Image-text web data
┌────────
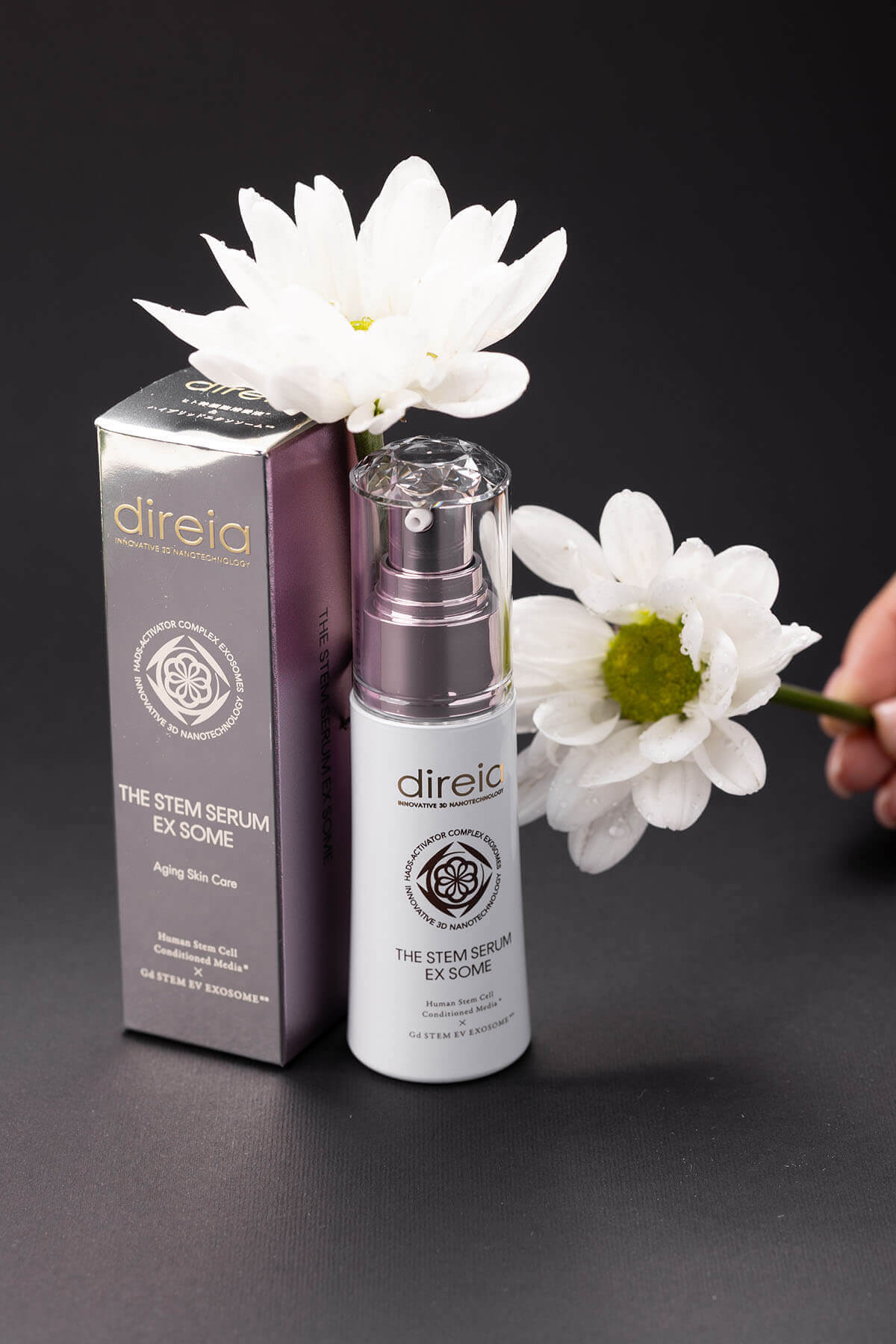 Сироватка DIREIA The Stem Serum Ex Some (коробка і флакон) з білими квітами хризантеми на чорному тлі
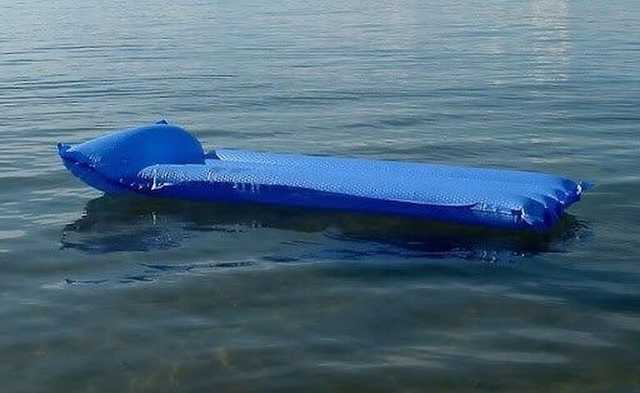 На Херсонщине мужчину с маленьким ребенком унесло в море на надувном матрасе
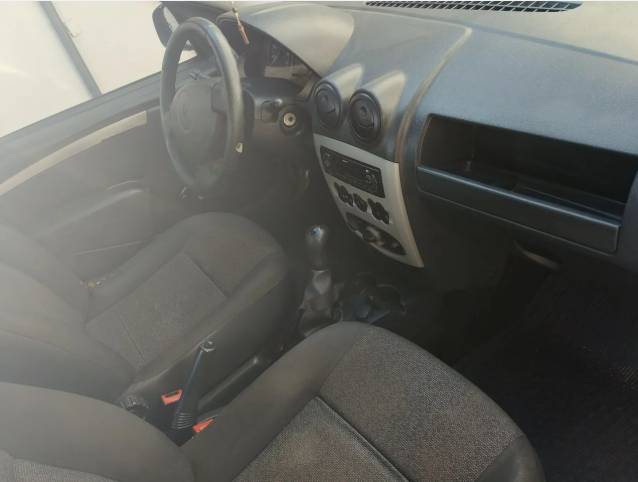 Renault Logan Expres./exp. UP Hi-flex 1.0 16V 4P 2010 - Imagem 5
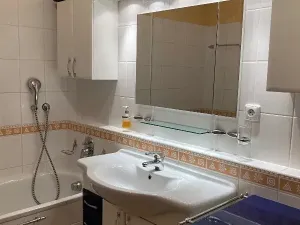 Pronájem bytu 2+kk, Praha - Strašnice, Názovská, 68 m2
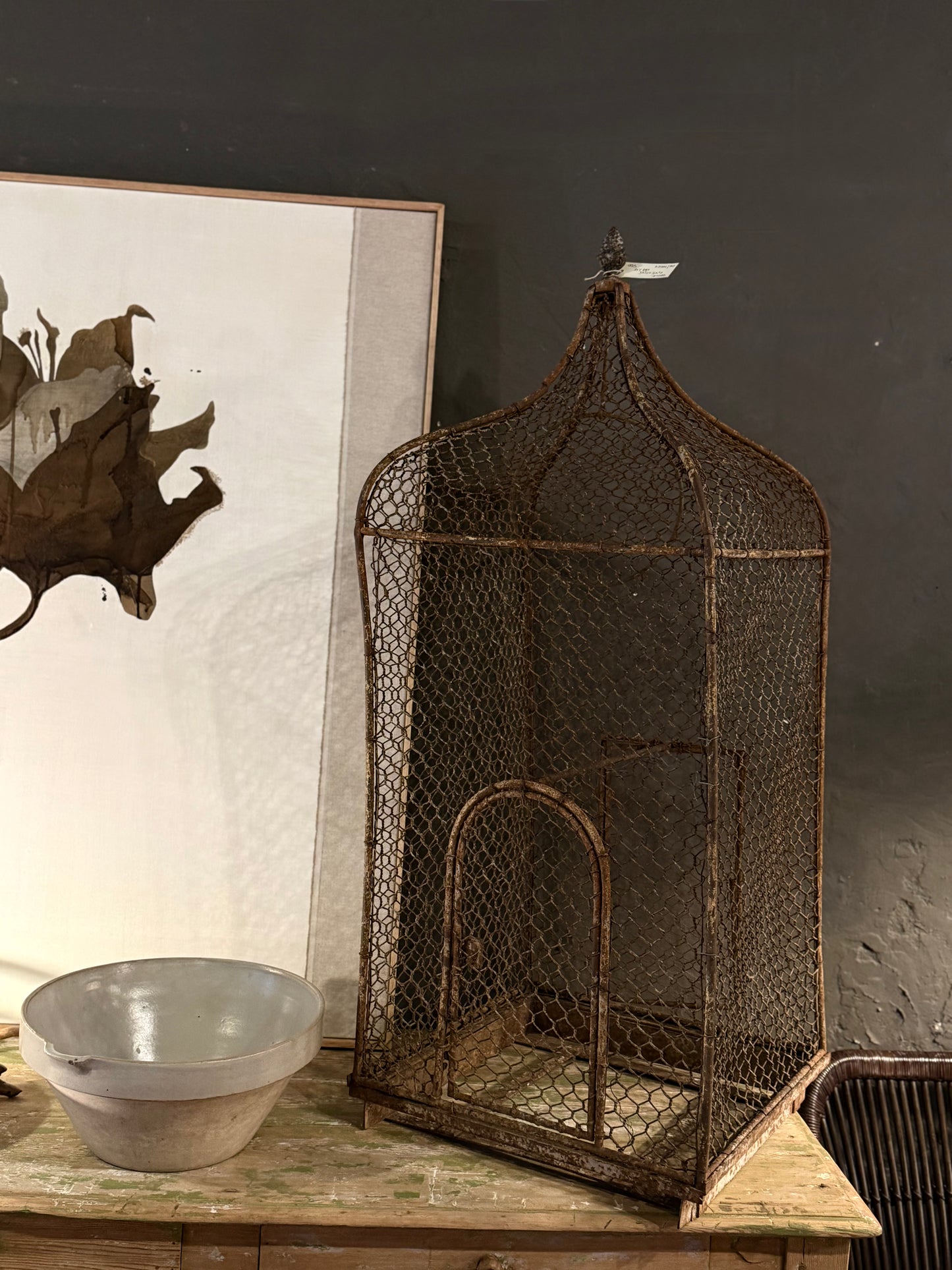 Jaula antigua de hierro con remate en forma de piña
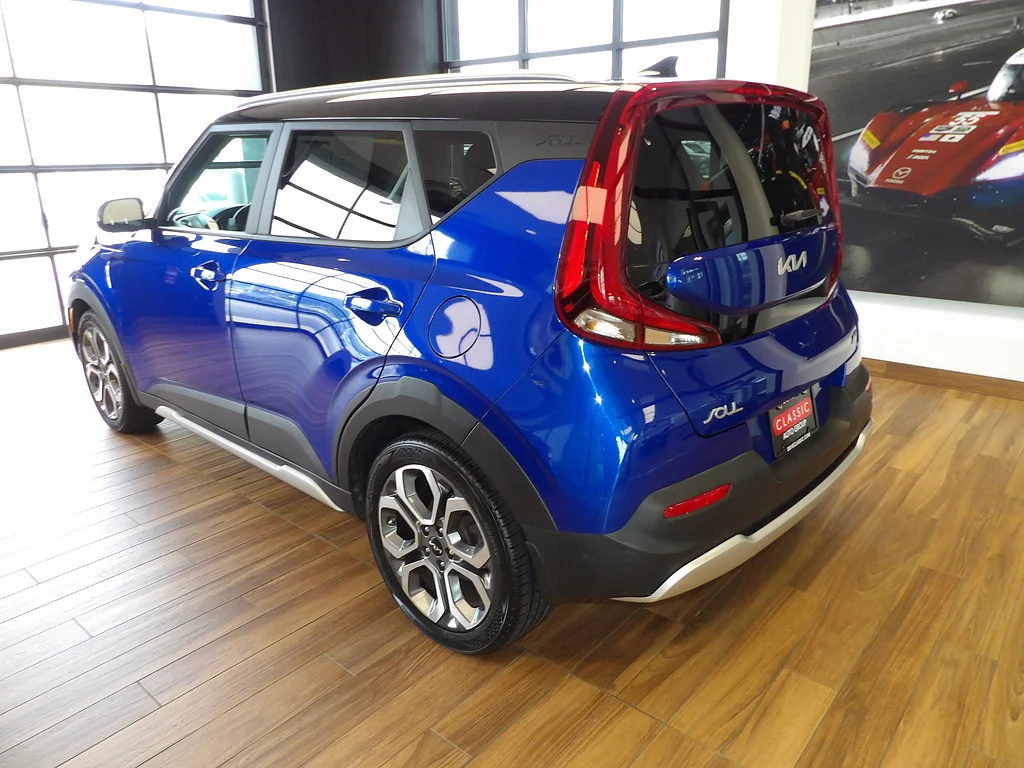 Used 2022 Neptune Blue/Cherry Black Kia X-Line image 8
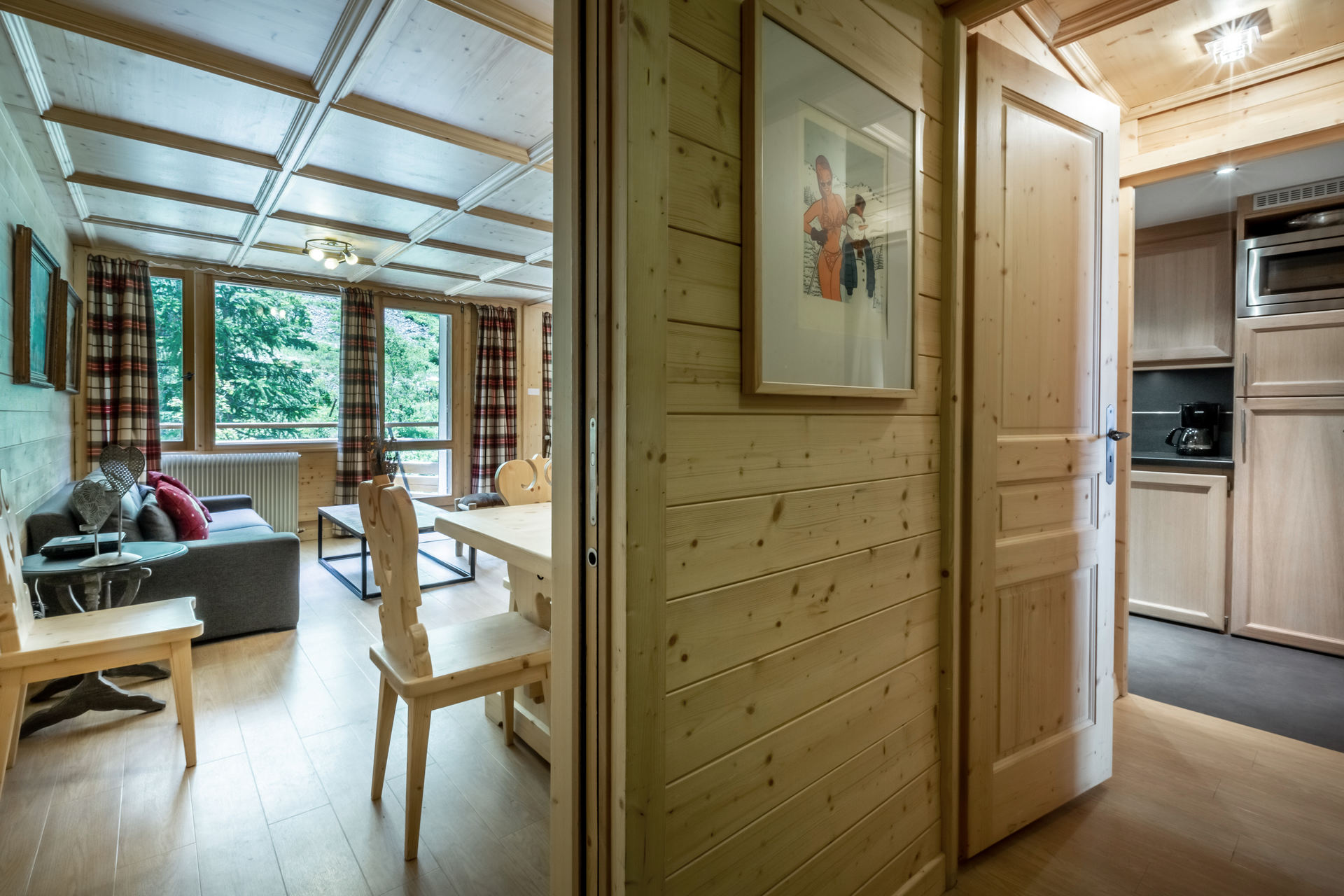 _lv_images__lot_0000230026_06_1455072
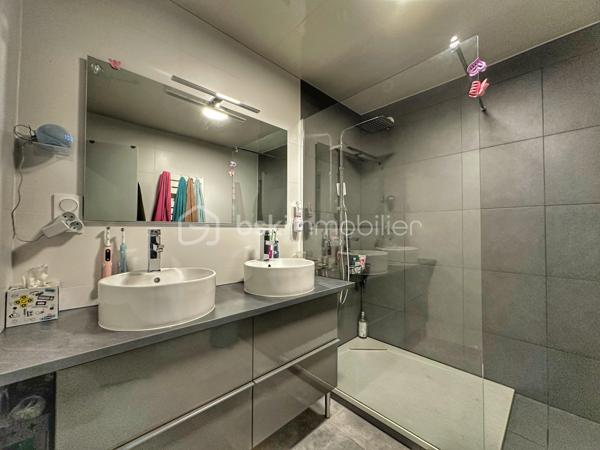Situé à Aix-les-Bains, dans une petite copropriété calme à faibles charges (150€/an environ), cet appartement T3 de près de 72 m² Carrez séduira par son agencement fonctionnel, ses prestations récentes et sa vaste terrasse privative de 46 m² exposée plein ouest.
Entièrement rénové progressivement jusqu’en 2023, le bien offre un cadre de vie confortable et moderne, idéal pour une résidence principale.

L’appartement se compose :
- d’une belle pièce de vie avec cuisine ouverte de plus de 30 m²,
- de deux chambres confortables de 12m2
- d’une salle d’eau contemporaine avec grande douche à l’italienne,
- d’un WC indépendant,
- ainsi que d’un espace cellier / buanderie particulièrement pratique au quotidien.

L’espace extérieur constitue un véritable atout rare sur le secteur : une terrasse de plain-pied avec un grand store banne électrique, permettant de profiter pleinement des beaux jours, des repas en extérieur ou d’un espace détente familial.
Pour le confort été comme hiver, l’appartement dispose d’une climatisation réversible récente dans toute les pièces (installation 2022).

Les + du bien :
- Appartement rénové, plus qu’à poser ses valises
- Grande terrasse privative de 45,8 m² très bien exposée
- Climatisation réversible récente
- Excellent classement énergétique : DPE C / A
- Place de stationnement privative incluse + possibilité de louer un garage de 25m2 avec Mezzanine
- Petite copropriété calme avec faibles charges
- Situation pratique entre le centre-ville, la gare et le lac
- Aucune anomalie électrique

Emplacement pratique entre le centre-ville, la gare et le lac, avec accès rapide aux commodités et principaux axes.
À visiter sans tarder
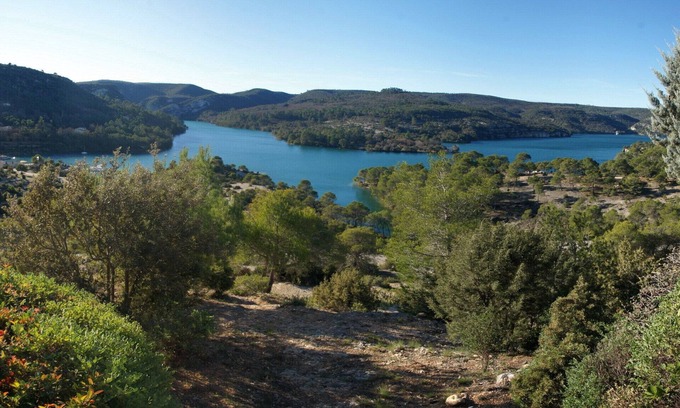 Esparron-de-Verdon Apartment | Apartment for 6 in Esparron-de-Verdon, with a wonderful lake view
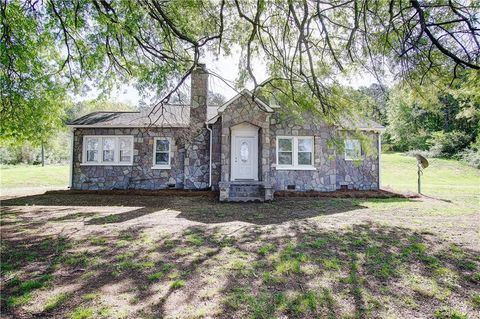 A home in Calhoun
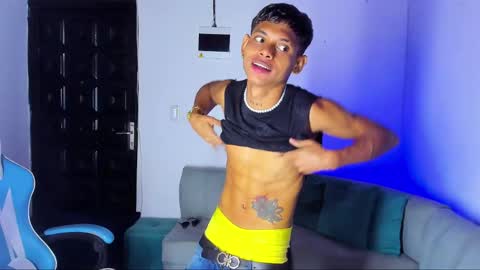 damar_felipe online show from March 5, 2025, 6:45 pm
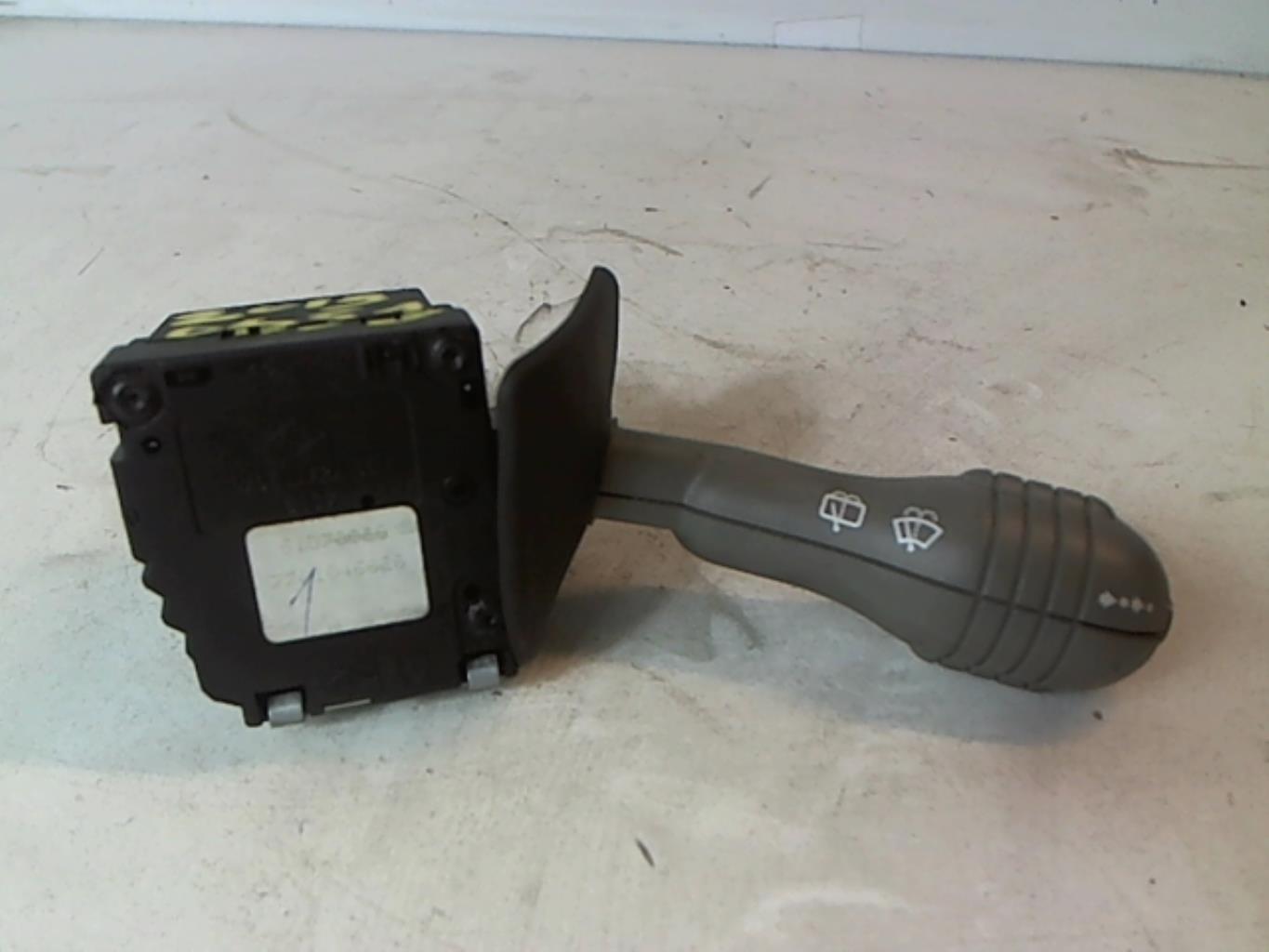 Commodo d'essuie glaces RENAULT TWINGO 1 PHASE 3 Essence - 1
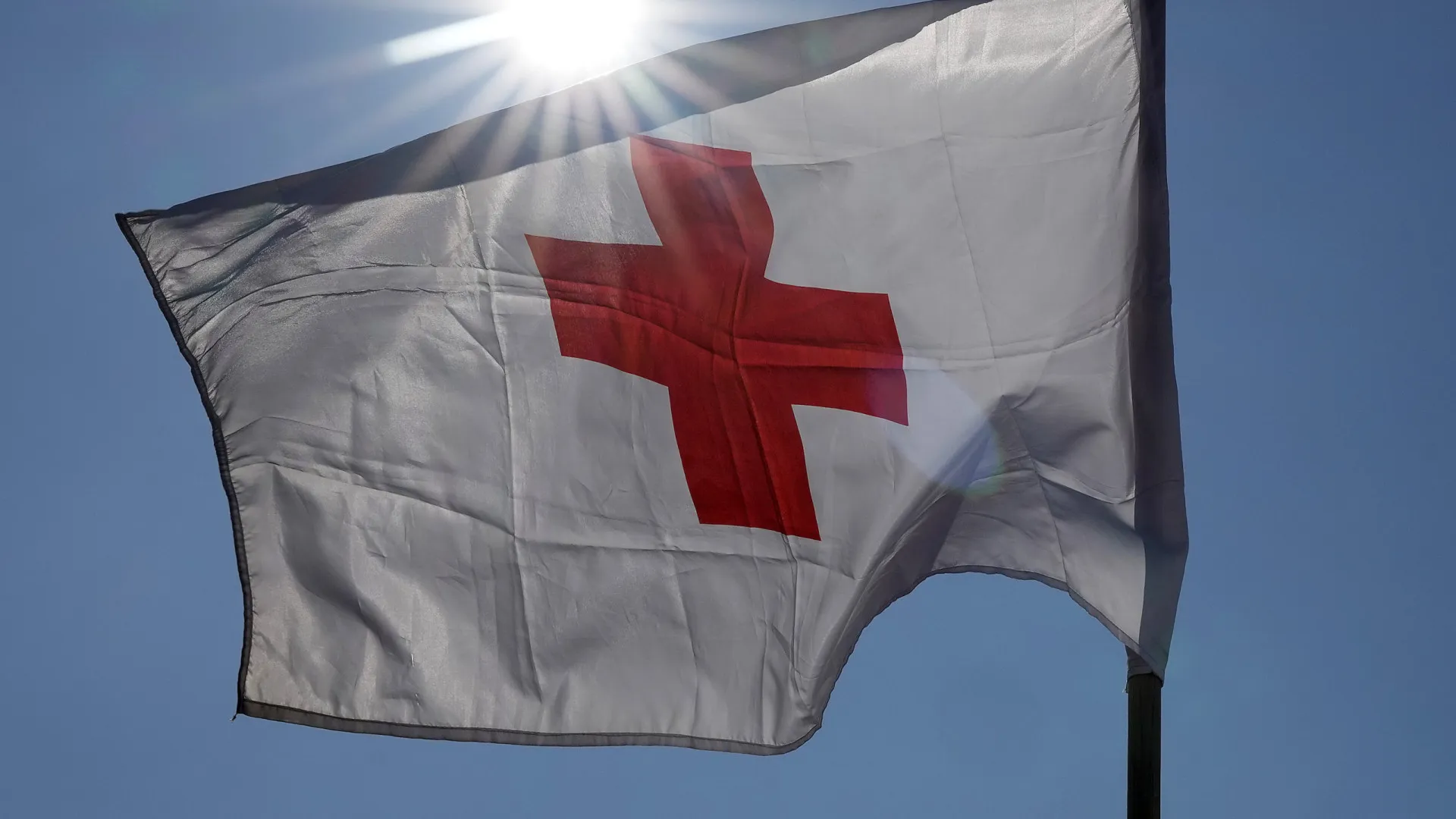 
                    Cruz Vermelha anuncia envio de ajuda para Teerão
└────────
The task
From the opening line of the entries, copy each line exactly until the line with "Renault Logan Expres./exp.", which is copied as well; leave out pictures.

Reply
 Сироватка DIREIA The Stem Serum Ex Some (коробка і флакон) з білими квітами хризантеми на чорному тлі
 На Херсонщине мужчину с маленьким ребенком унесло в море на надувном матрасе
 Renault Logan Expres./exp. UP Hi-flex 1.0 16V 4P 2010 - Imagem 5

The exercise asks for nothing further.